More than 200 jobs could be affected if John Dickinson goes ahead with a proposal to close its Sawston manufacturing plant.
The company is considering a proposal to close the plant and transfer manufacturing to other sites owned or operated by Dickinson or its parent company Groupe Hamelin.
Stéphane Hamelin, Groupe Hamelin’s president, told OPI: "We knew that we would have to strongly reorganise the manufacturing due to low efficiency in Sawston, but I thought that we wouldn’t have had to consider closing the Sawston factory.
"I can tell you that we studied with Philip Beer (John Dickinson UK’s managing director) the possibility to build a brand-new factory on the existing site."
Hamelin added that if Sawston does close all its envelopes, books and pads production, it will transfer to the other factories of Groupe Hamelin in the UK and in continental Europe. "John Dickinson brands are key in our development strategy. Our goal is to develop them in terms of awareness, product innovations and volumes. They bring great margins to our customers, and it is our common interest to grow them."

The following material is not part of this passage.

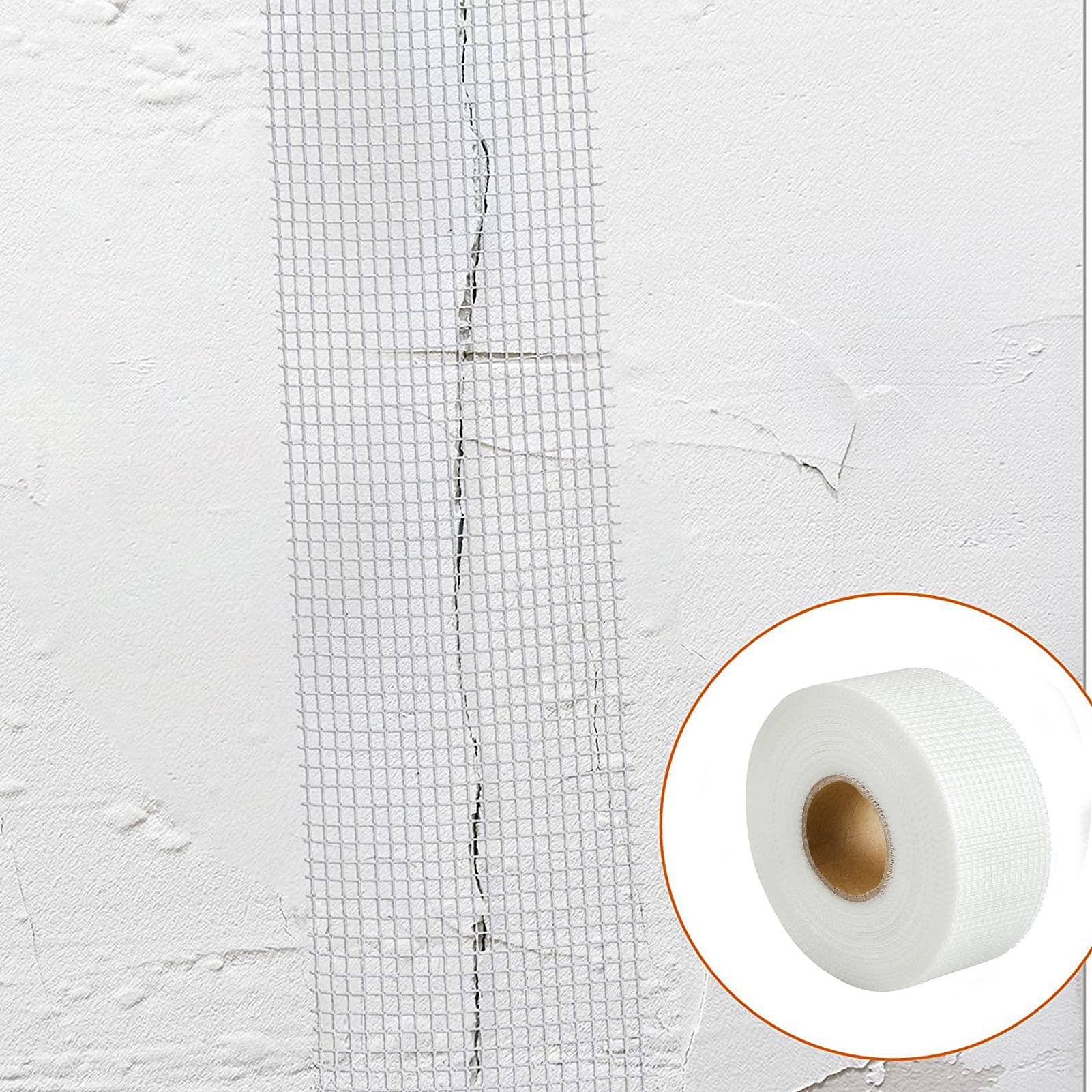 QILIMA Self-Adhesive Fiberglass Drywall Joint Mesh Tape, Fiber Mesh Crack Patch Wall Repair Fabric,2 Inch by 148 Feet White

Beer said: "The potential loss of the loyal workforce at Sawston is not a proposal we are taking lightly. The pressure on UK manufacture means that we need to consider difficult options in order to offer the correct product mix and right level of support and service to our customers for the future."
The manufacturer is currently in a consultation process with its employees that will determine the outcome of the proposal.